Best Practices for Hyperparameter Tuning - Amazon SageMaker

Best Practices for Hyperparameter Tuning

Hyperparameter optimization is not a fully-automated process. To improve optimization, use the following guidelines when you create hyperparameters.

Choosing a Strategy

For large jobs, using Hyperband can reduce computation time by utilizing its internal early stopping mechanism, reallocation of resources and ability to run parallel jobs. If runtime and resources are limited, use either random search or Bayesian optimization instead. Bayesian optimization uses information gathered from prior runs to make increasingly informed decisions about improving hyperparameter configurations in the next run. Because of its sequential nature, Bayesian optimization cannot massively scale. Random search is able to run large numbers of parallel jobs. Consider using grid search if it is important to be able to reproduce results of a tuning job, or if simplicity and transparency of the optimization algorithm are important. Grid search is also a good option when it is important to explore the entire hyperparameter search space evenly.

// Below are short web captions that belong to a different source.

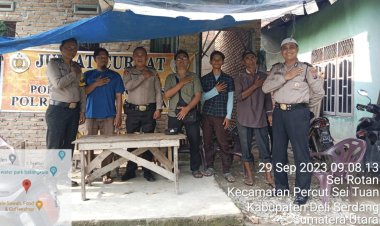 Antusias Warga Sambut Polsek Batang Kuis Dalam Kegiatan Jumat Curhat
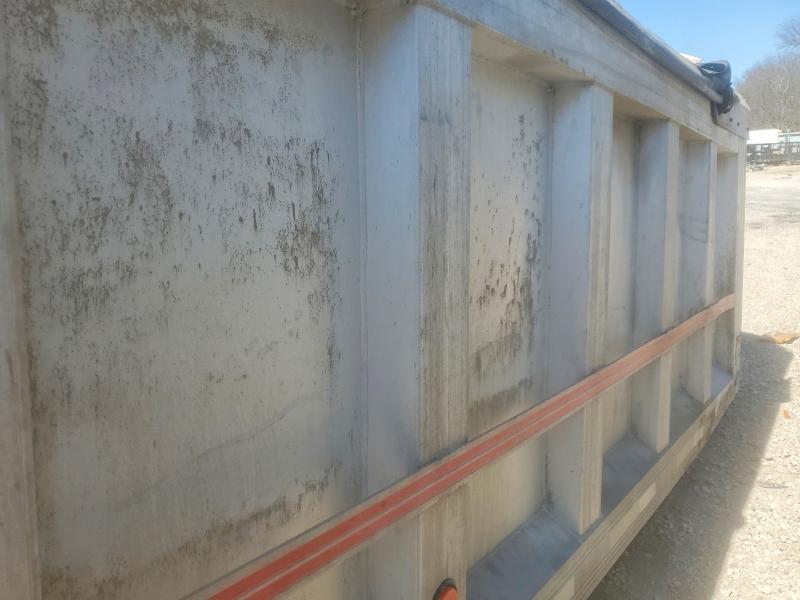2004 Trvs 2004 Travis END Dump Trailer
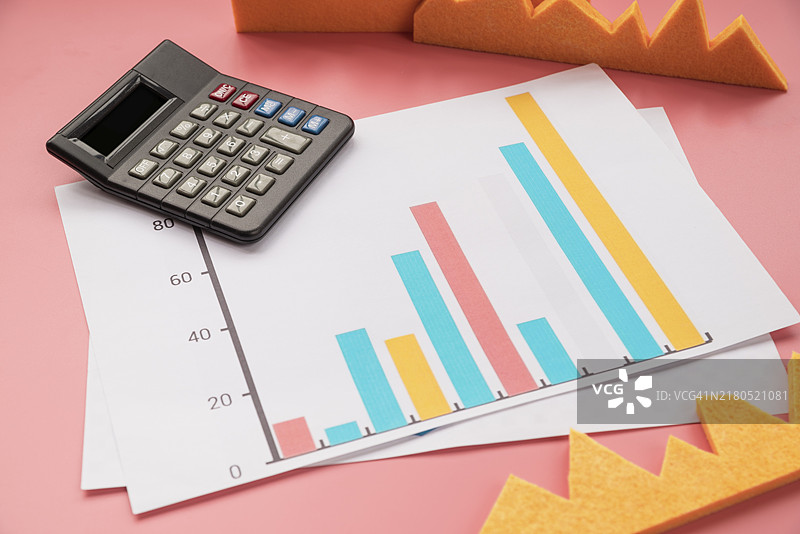 带计算器的统计图图片素材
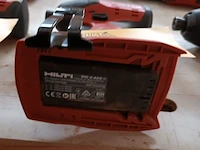 Lot 568 - accu slagschroefmachine hilti - afbeelding 2 van  2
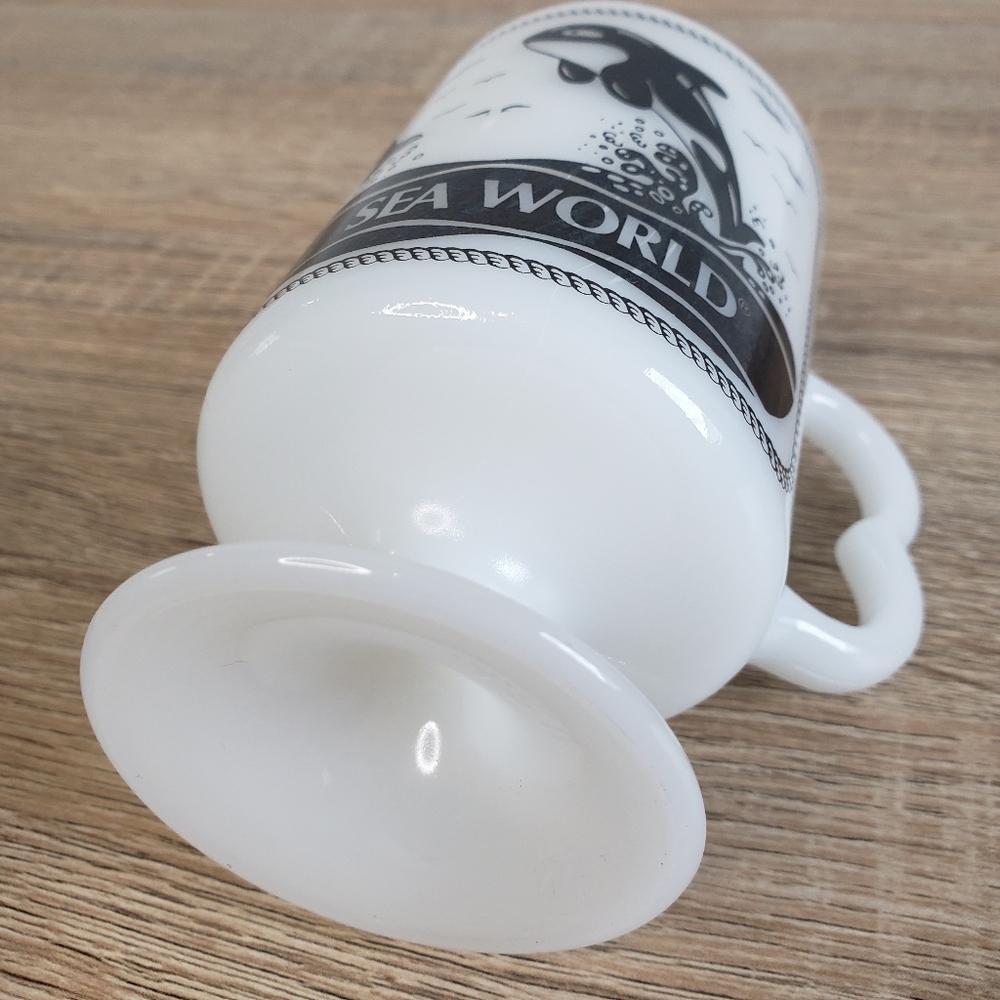 VINTAGE Sea World Shamu Whale and Dolphin Coffee Cup White Milk Glass Mug - Picture 5 of 9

Choosing the Number of Hyperparameters

The computational complexity of a hyperparameter tuning job depends primarily on the number of hyperparameters whose range of values Amazon SageMaker has to search through during optimization. Although you can simultaneously specify up to 20 hyperparameters to optimize for a tuning job, limiting your search to a much smaller number is likely to give you better results.

Choosing Hyperparameter Ranges

The range of values for hyperparameters that you choose to search can significantly affect the success of hyperparameter optimization. Although you might want to specify a very large range that covers every possible value for a hyperparameter, you get better results by limiting your search to a small range of values. If you know that you get the best metric values within a subset of the possible range, consider limiting the range to that subset.

Using Logarithmic Scales for Hyperparameters

During hyperparameter tuning, SageMaker attempts to figure out if your hyperparameters are log-scaled or linear-scaled. Initially, it assumes that hyperparameters are linear-scaled. If they are in fact log-scaled, it might take some time for SageMaker to discover that fact. If you know that a hyperparameter is log-scaled and can convert it yourself, doing so could improve hyperparameter optimization.

Choosing the Best Number of Concurrent Training Jobs

When setting the resource limit MaxParallelTrainingJobs for the maximum number of concurrent training jobs that a hyperparameter tuning job can launch, consider the following tradeoff. Running more hyperparameter tuning jobs concurrently gets more work done quickly, but a tuning job improves only through successive rounds of experiments. Typically, running one training job at a time achieves the best results with the least amount of compute time.

Running Training Jobs on Multiple Instances

When a training job runs on multiple instances, hyperparameter tuning uses the last-reported objective metric value from all instances of that training job as the value of the objective metric for that training job. Design distributed training jobs so that the objective metric reported is the one that you want.